Jack Pearce

Dell Wyse 3040 as a WireGuard Router

I recently purchased a Dell Wyse 3040 off of eBay for £30. They’re designed to be used as thin clients but make excellent Linux servers in any homelab. Think Raspberry Pi 4 but x86 and in stock!

Specs:

  • Quad-core Atom CPU
  • 2GB of RAM
  • 8/16 GB of eMMC storage
  • 1.3W idle

I’m using mine as a WireGuard router

What does this mean?
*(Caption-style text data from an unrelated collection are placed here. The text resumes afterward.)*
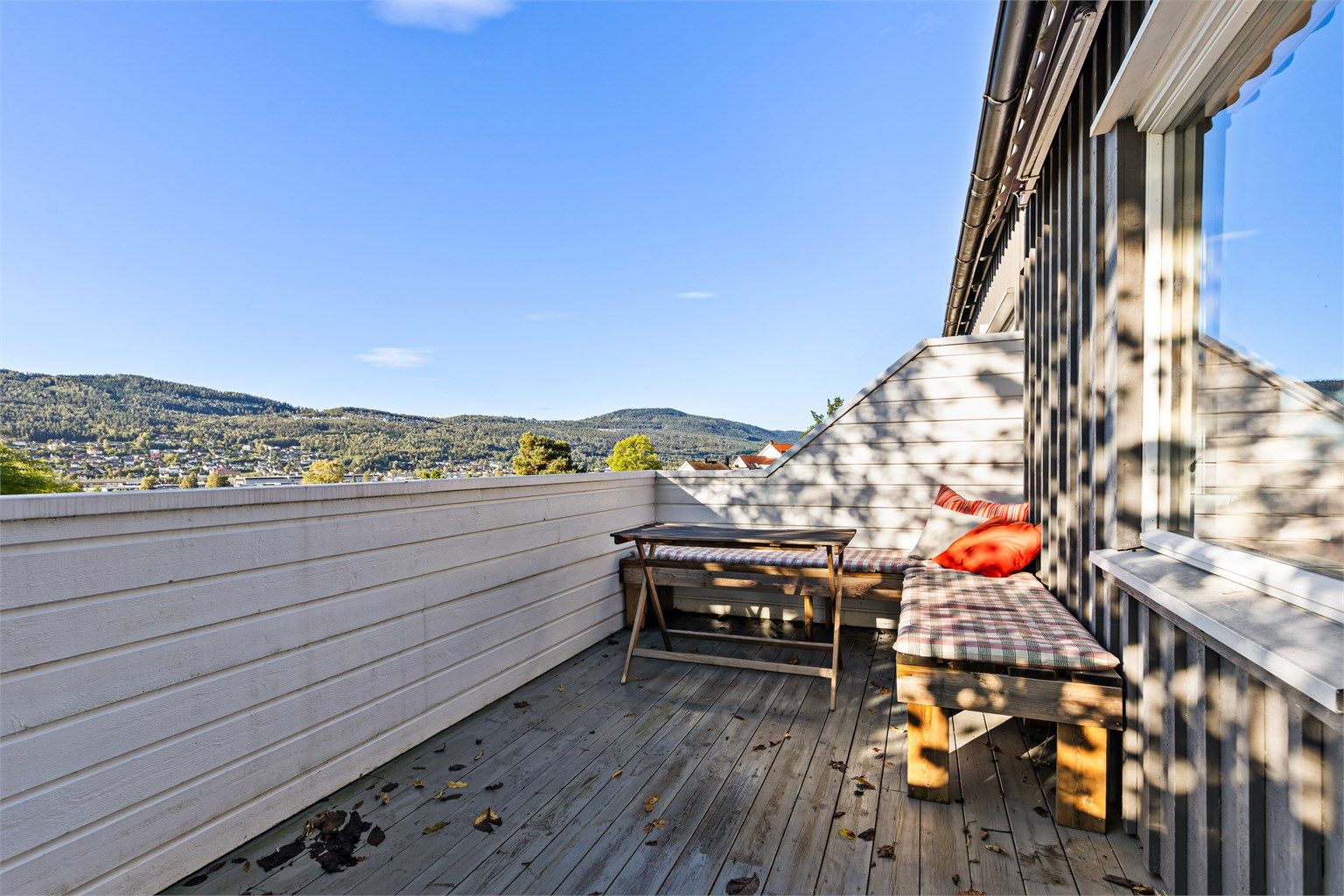 Leiligheten ligger i et veletablert borettslag med en praktisk sentrumsavstand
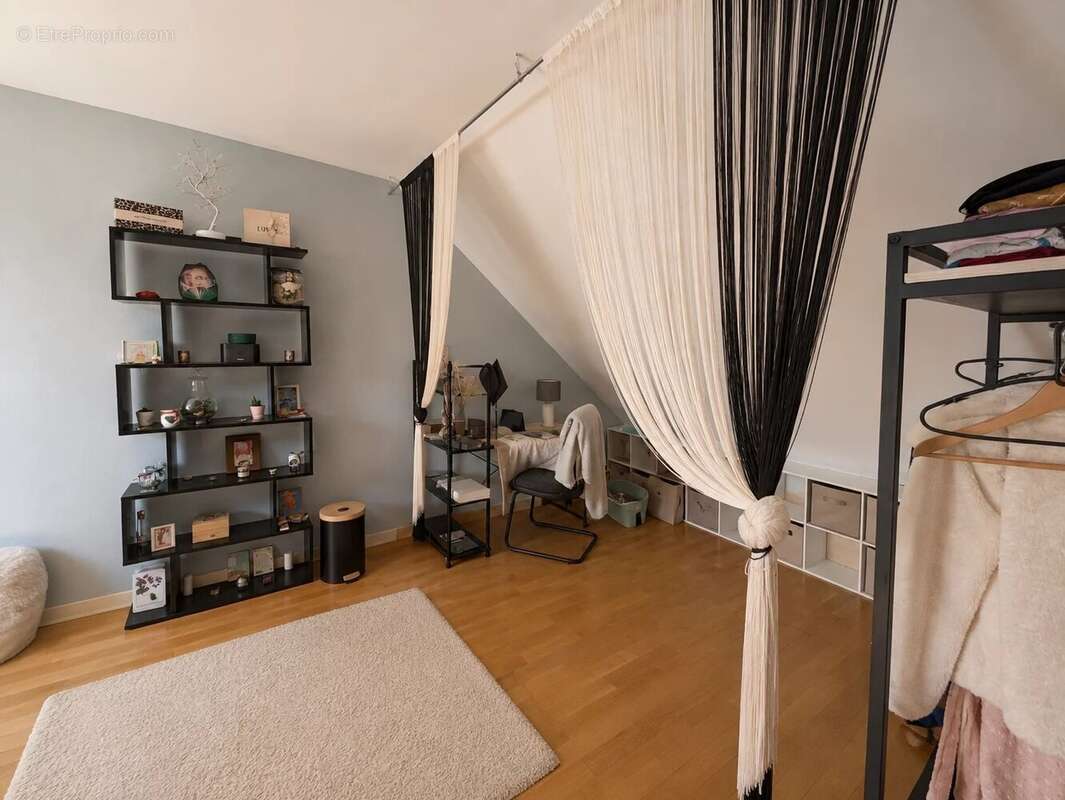 Réf. 2299 – Pavillon 5 ch. avec sous‑sol & grand jardin - photo 10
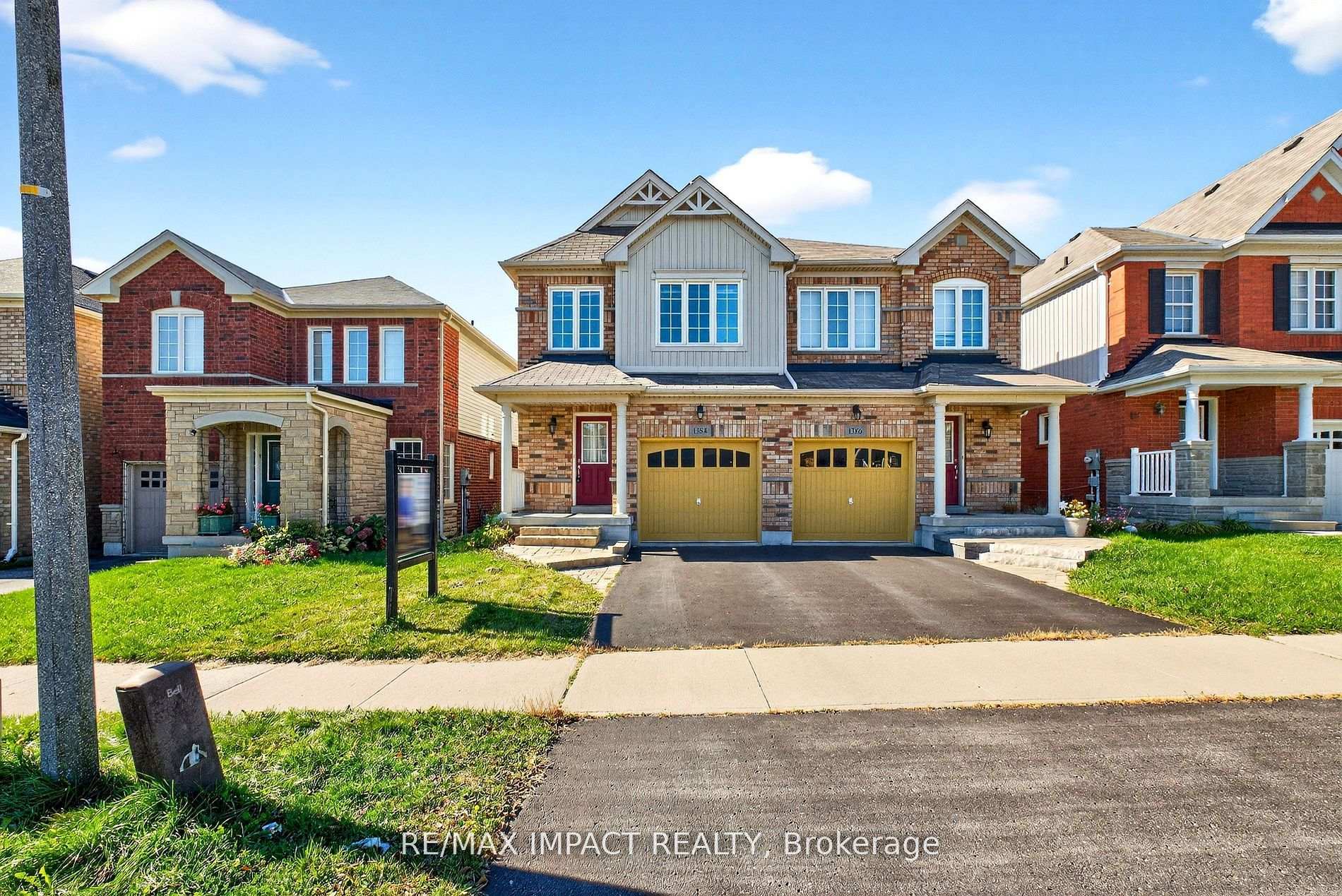 1384 W Rennie Street W, Oshawa, ON L1K 0H1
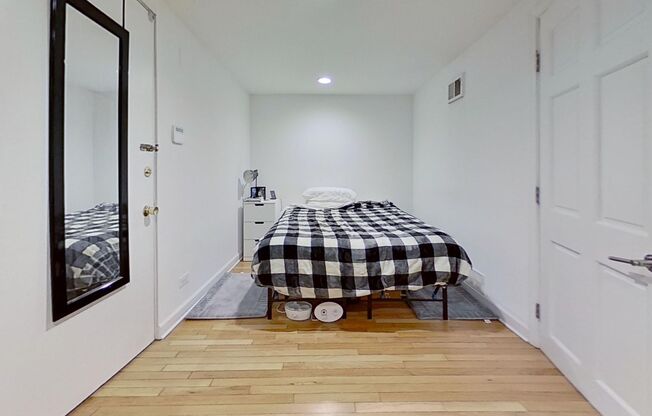 Garden Level Lakeview Two Bedroom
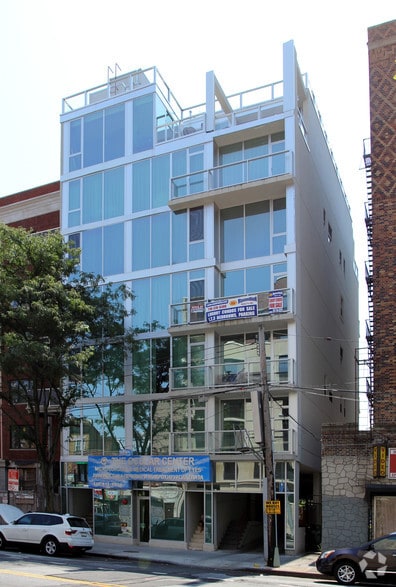 384 Neptune Ave, Brooklyn, NY for sale - Primary Photo - Image 1 of 1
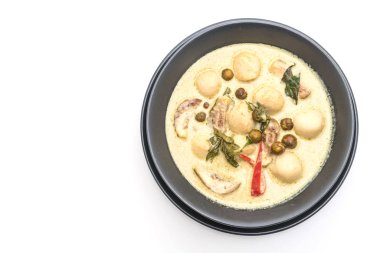 Beyaz arka plan üzerinde izole balık topu ile yeşil köri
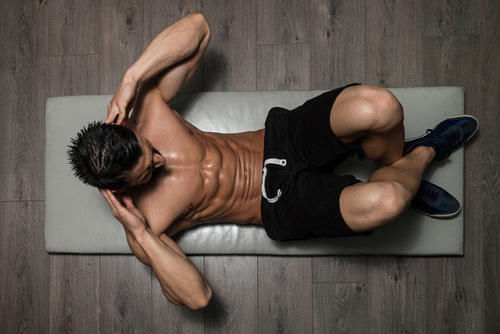 力量|腰腹力量太弱不用愁,四个动作帮你练就超强核心力量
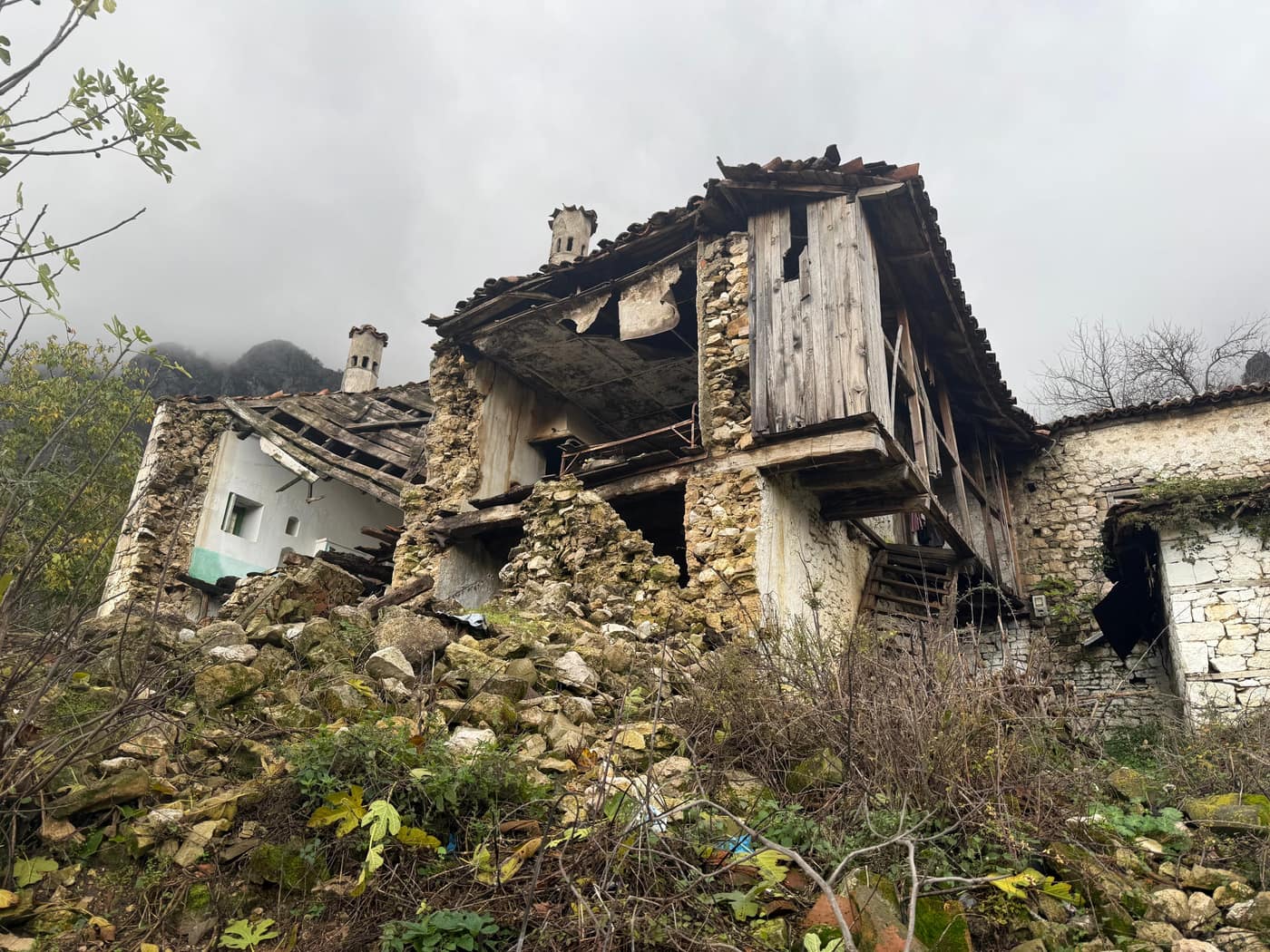 Banesa e Muharrem Hoxhës - Foto 3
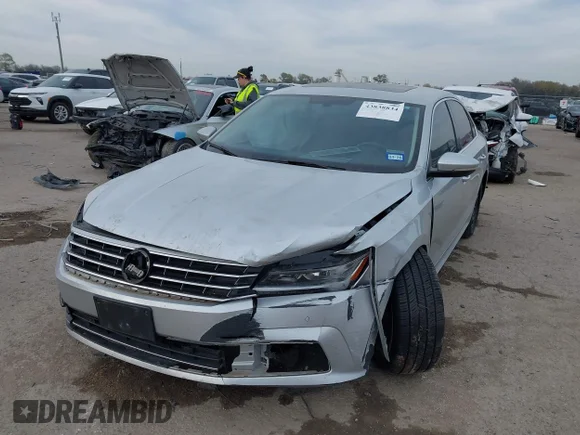 ✅ 2017 Volkswagen Passat SE • VIN: 1VWGT7A37HC003928 • Lot: 43838834. Wystawiony na IAAI z przebiegiem 113 819 mil. Bezpłatny archiwum sprzedaży aukcyjnych z USA i szczegółowy raport historii pojazdu na DreamBid. Zdjęcie 2.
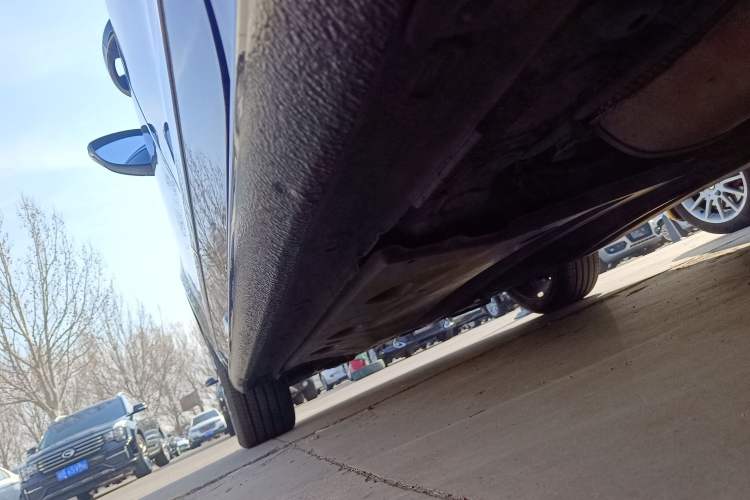 Used Volkswagen Passat 2014 1.8TSI DSG Prestige Edition Left Side Sill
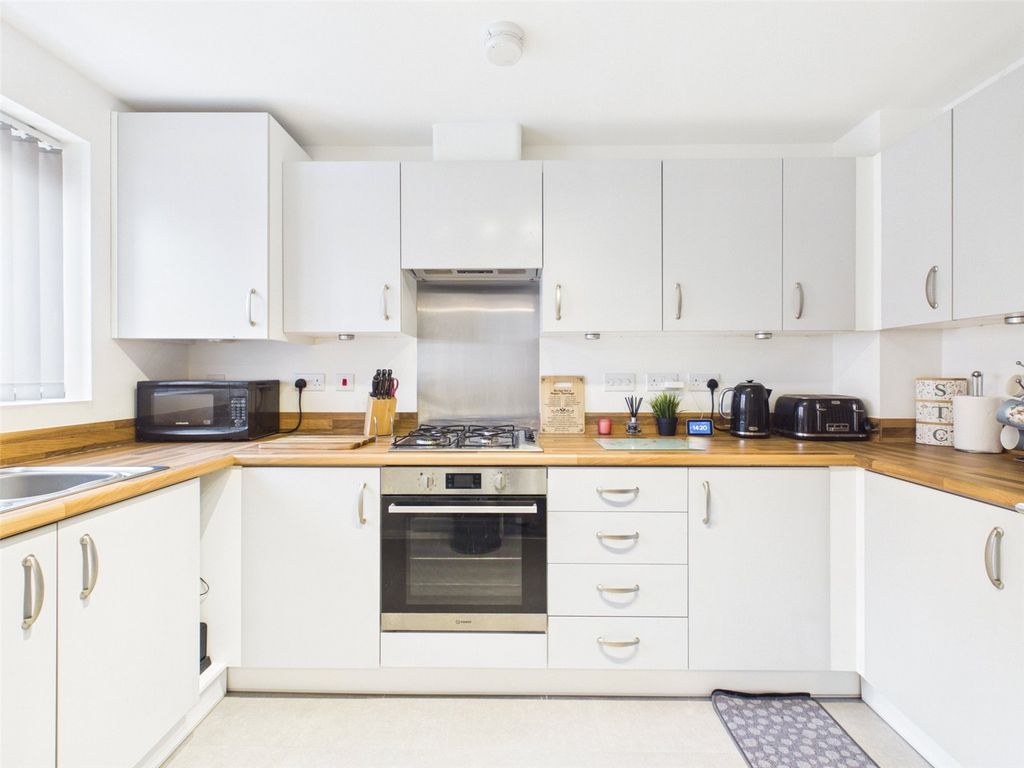 Property photo 2 of 16 Picture No. 02
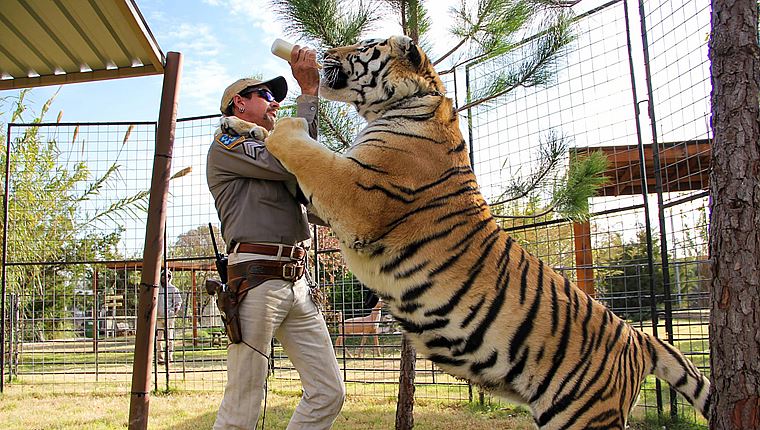 Ο Tiger King ζητά χάρη από τον Donald Trump μέσω της Kim Kardashian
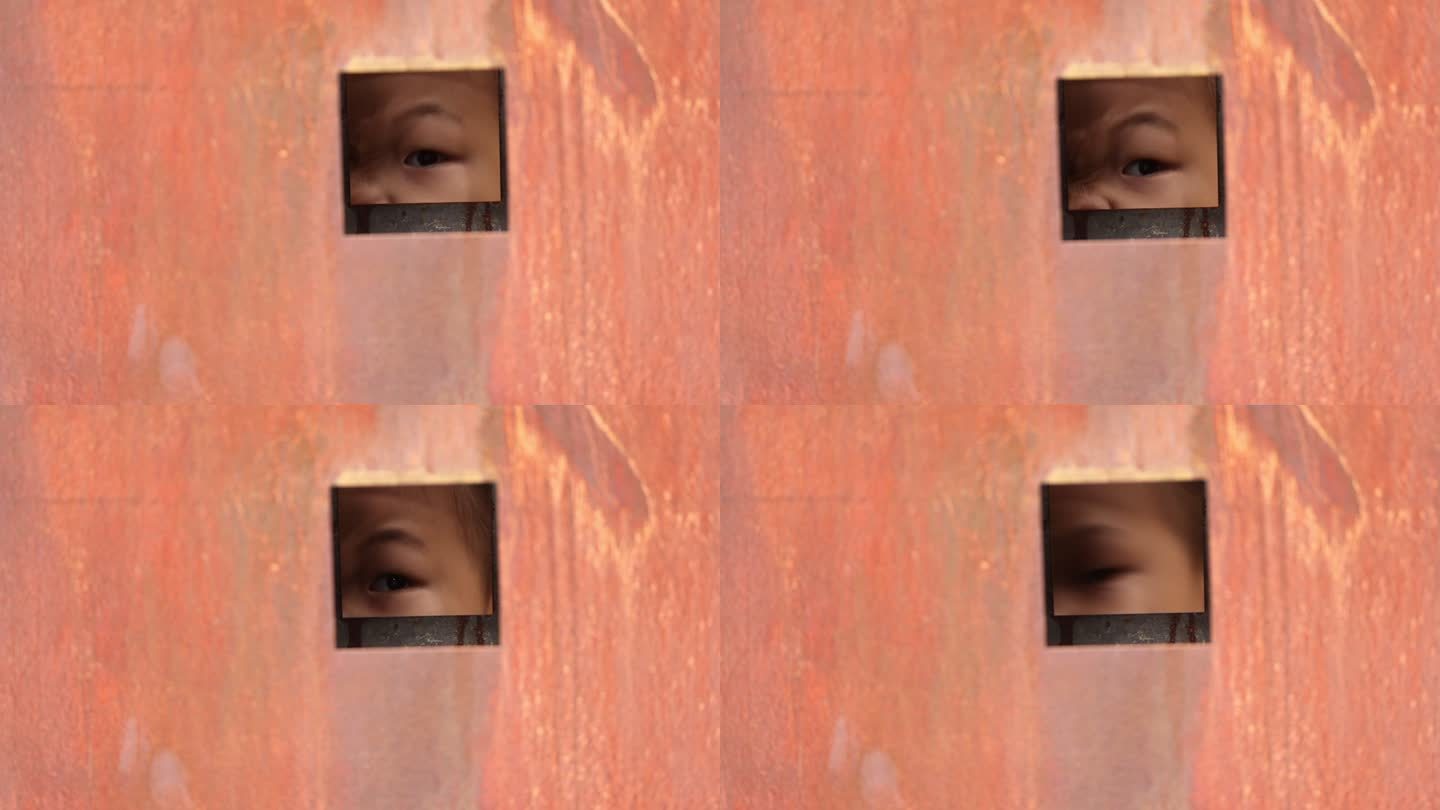钢板孔洞装置小孩人影眼睛走动正方形开孔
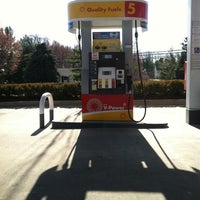 3/9/2012 tarihinde Charlie K.ziyaretçi tarafından Shell'de çekilen fotoğraf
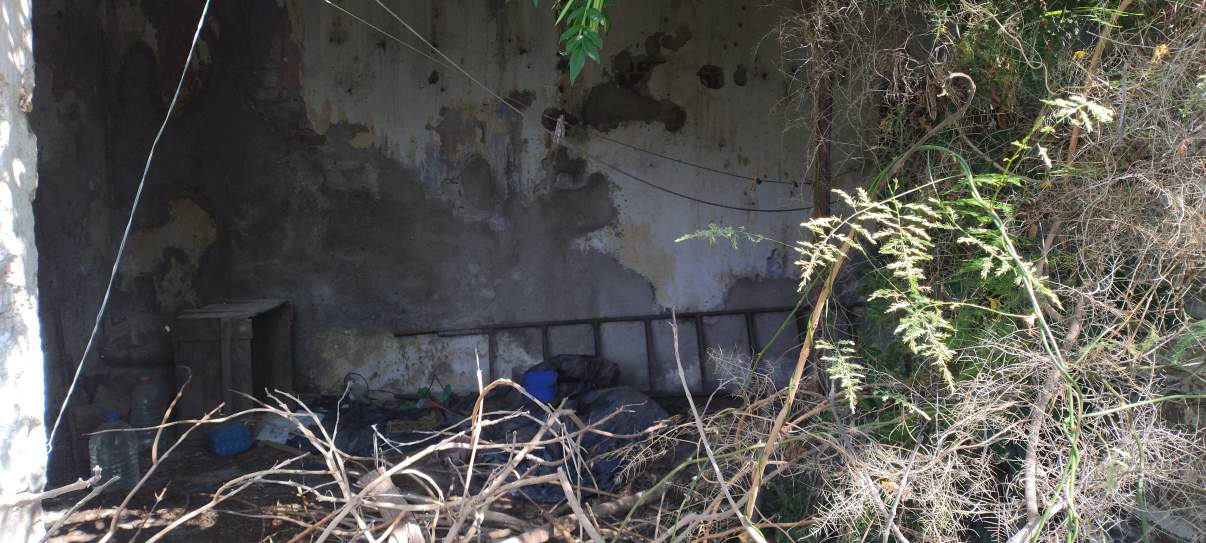 EN VENTA CASA A RECICLAR EN BARRIO ALBERDI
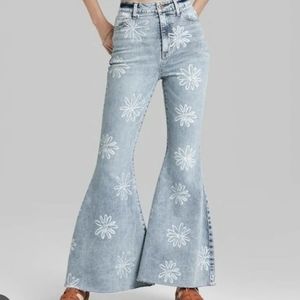 Wild Fable Highest Rise Extreme Flare Jeans, Frayed Hem, Daisy Print, Size 8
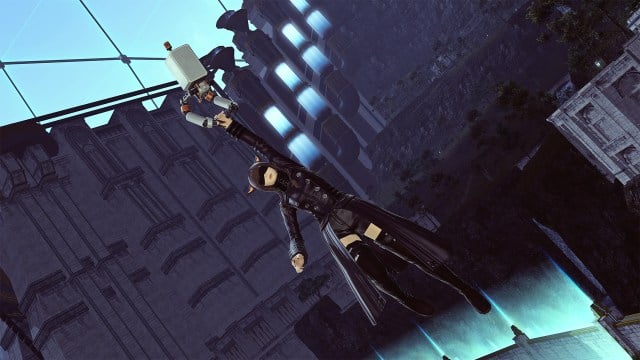 La montura Alliance Raid Pod cruzada de Final Fantasy XIV x Nier Automata, con un Miqote con glamour inspirado en Yorha manteniéndose firme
My 3040:

  • Runs AdGuard for DNS and DHCP (on a seperate VLAN)
  • Routes all traffic via a WireGuard VPN provider

I initially installed and configured OPNsense but WireGuard throughput was limited to around 220Mbps, even with Kernel WireGuard. WireGuard when used with Debian on the Wyse 3040 can hit 850Mbps.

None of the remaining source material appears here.